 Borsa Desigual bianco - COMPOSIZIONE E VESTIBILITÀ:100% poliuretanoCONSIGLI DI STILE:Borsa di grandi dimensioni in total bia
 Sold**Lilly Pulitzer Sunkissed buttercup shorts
==========
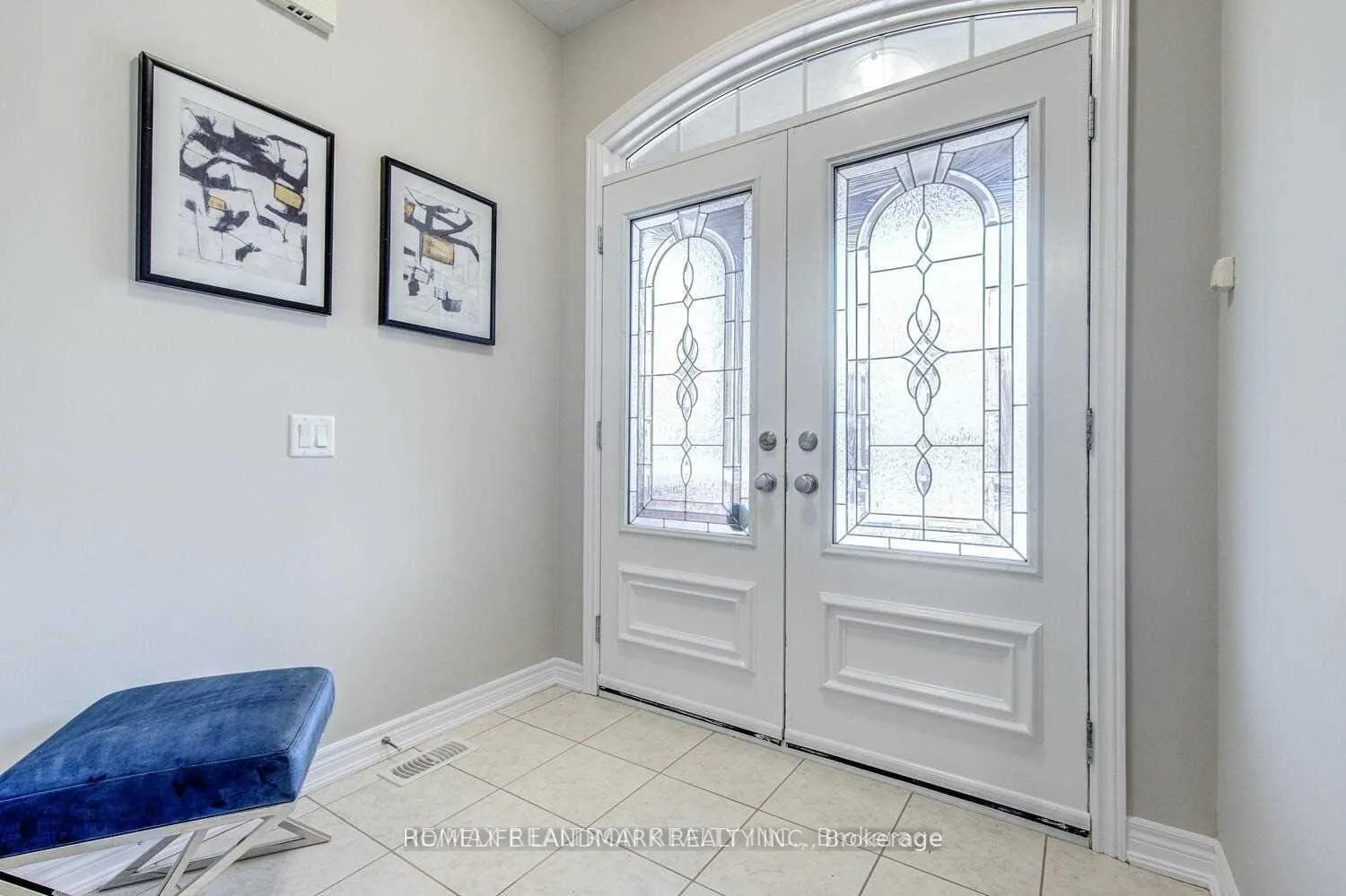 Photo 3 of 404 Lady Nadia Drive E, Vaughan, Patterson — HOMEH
==========
§ WHAT NEEDS TO BE DONE: Out of the data above, give again only the lines starting at the one holding "Borsa Desigual bianco" and ending at the one holding "Sold**Lilly Pulitzer Sunkissed", unchanged.

§ SOLUTION FOR THIS TASK:
 Borsa Desigual bianco - COMPOSIZIONE E VESTIBILITÀ:100% poliuretanoCONSIGLI DI STILE:Borsa di grandi dimensioni in total bia
 Sold**Lilly Pulitzer Sunkissed buttercup shorts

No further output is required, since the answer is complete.